BEGIN EXERCISE INPUTS

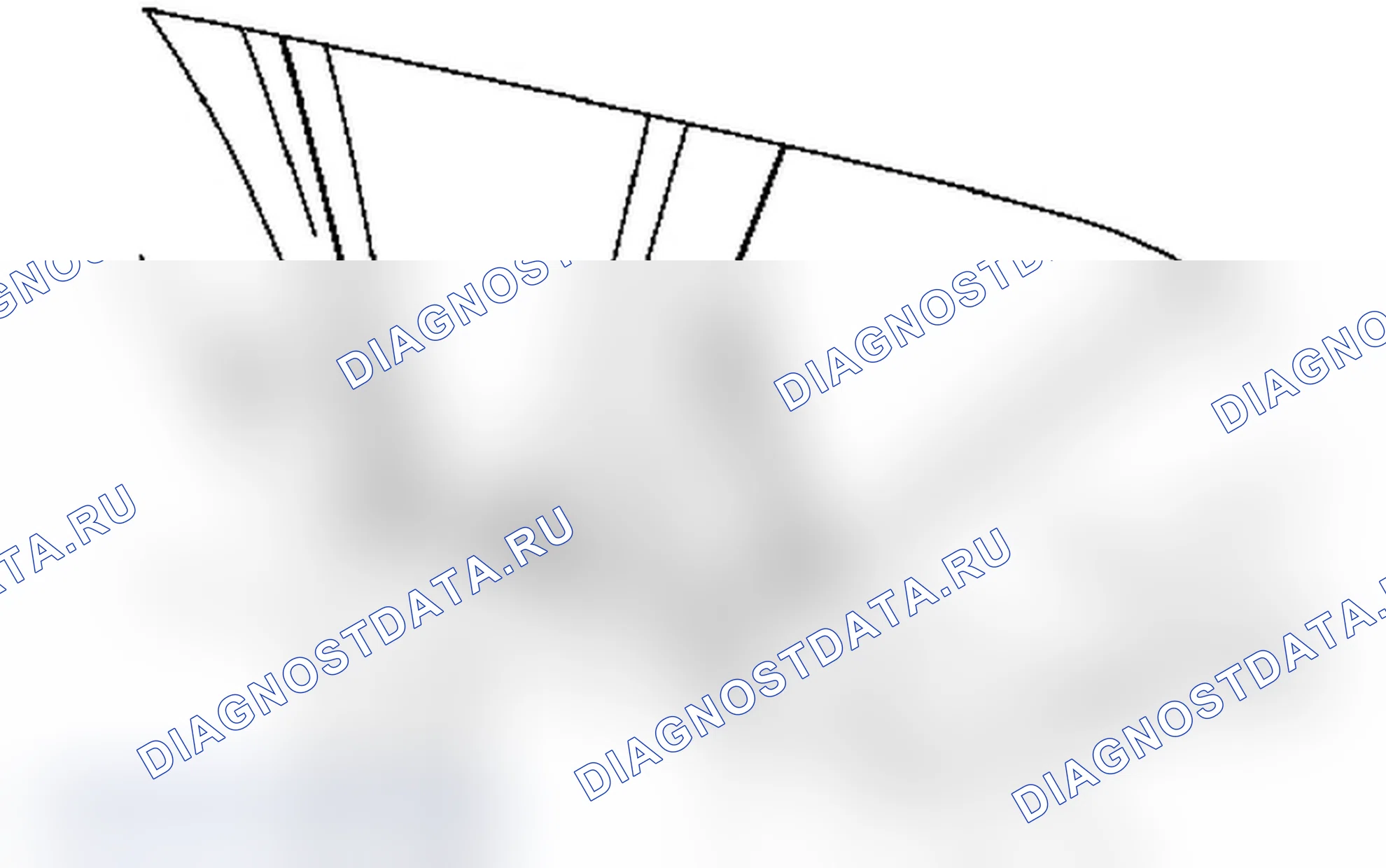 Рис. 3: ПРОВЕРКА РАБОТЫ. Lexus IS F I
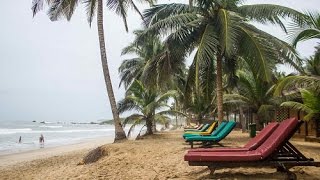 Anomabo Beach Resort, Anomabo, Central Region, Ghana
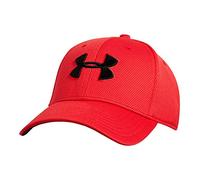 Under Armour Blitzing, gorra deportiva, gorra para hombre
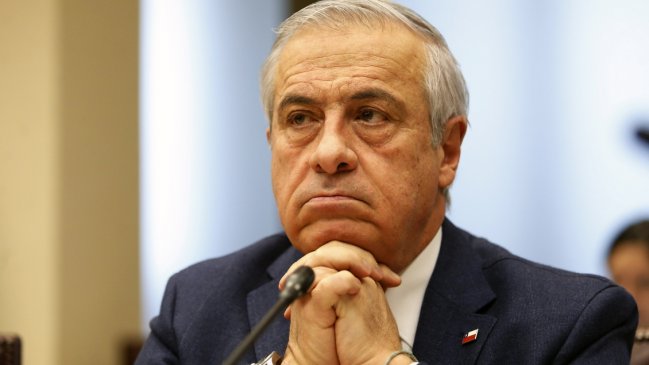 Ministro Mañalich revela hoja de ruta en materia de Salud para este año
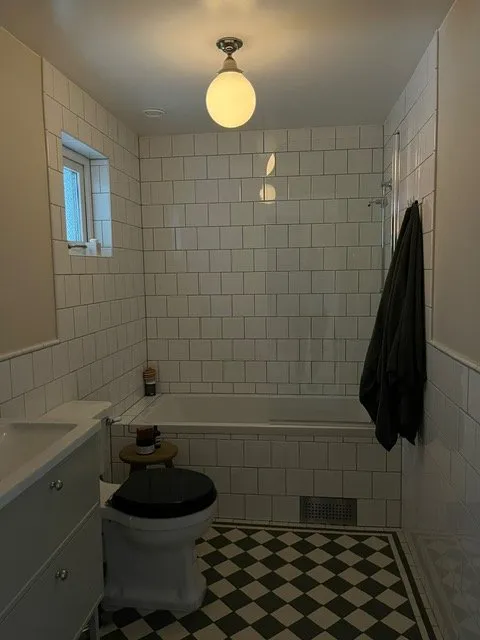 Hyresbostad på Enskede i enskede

END EXERCISE INPUTS
BEGIN EXERCISE INPUTS

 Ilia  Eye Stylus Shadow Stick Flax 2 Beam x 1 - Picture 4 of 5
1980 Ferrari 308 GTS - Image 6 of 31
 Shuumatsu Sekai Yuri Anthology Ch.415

END EXERCISE INPUTS
BEGIN EXERCISE INPUTS

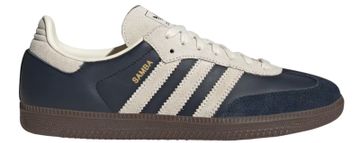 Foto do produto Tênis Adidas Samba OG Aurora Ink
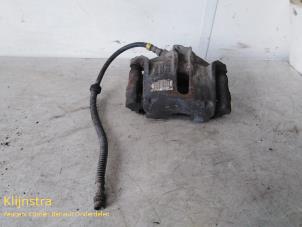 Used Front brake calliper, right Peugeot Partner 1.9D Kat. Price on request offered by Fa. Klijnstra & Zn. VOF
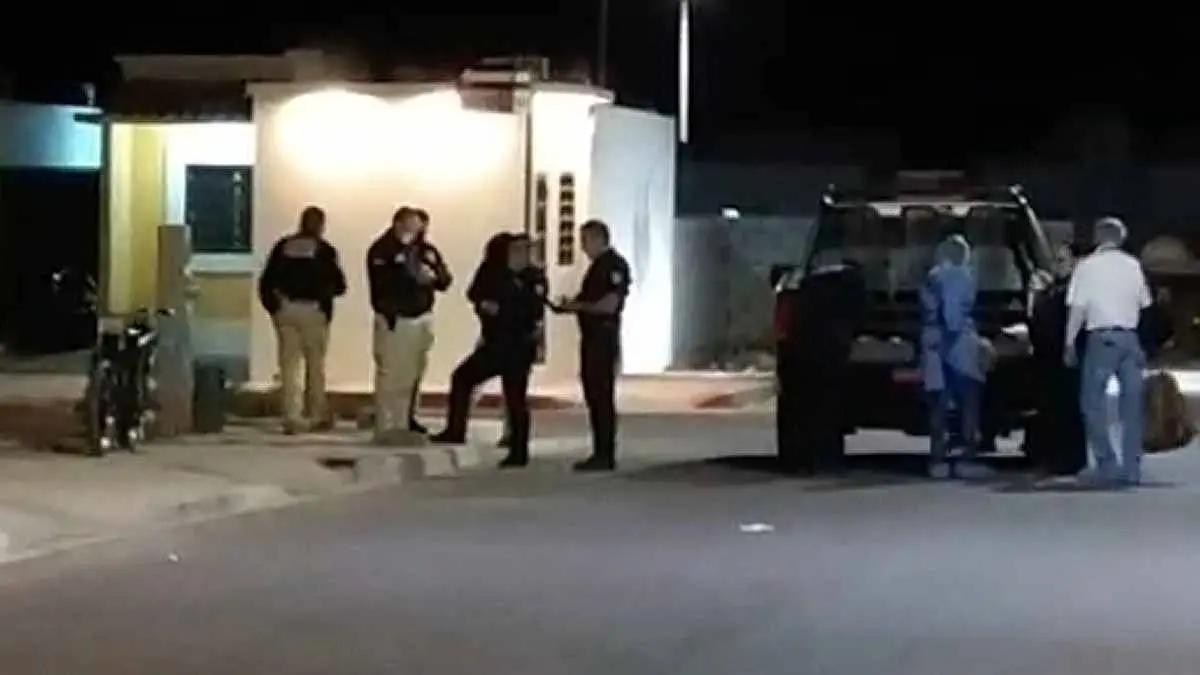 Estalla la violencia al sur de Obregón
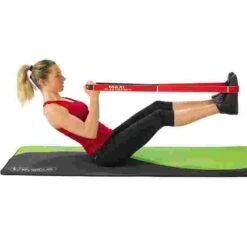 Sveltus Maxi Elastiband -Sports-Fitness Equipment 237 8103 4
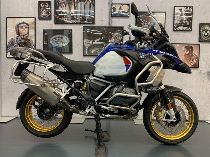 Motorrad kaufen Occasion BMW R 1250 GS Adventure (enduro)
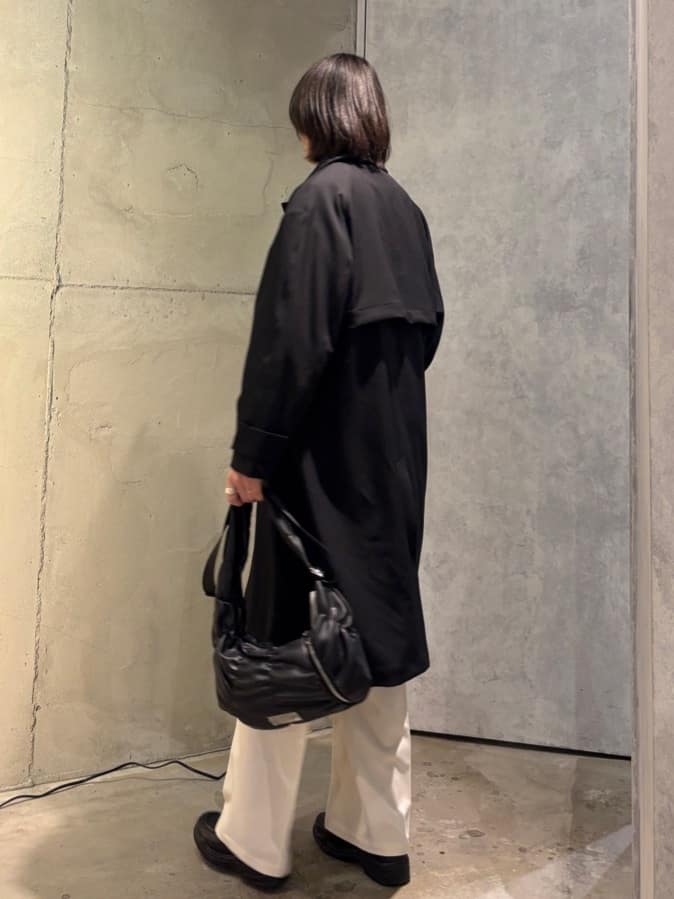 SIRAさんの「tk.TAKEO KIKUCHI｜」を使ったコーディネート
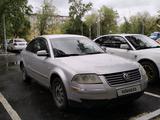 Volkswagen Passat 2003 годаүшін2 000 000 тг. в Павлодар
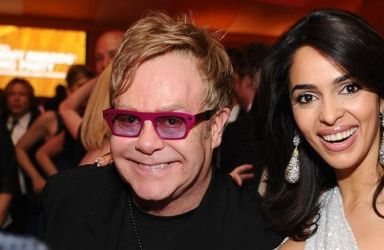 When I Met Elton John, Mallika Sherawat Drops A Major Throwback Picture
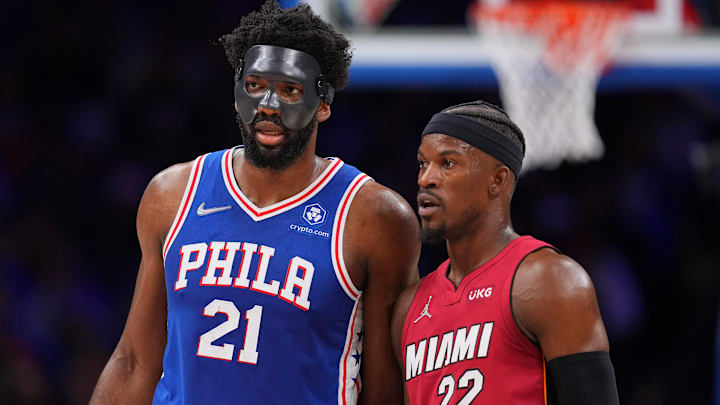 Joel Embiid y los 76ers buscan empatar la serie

END EXERCISE INPUTS

Of the lines above, copy only those from the one holding "Volkswagen Passat 2003" to the one holding "Joel Embiid y", both included, and exclude every image.

 Volkswagen Passat 2003 годаүшін2 000 000 тг. в Павлодар
 When I Met Elton John, Mallika Sherawat Drops A Major Throwback Picture
 Joel Embiid y los 76ers buscan empatar la serie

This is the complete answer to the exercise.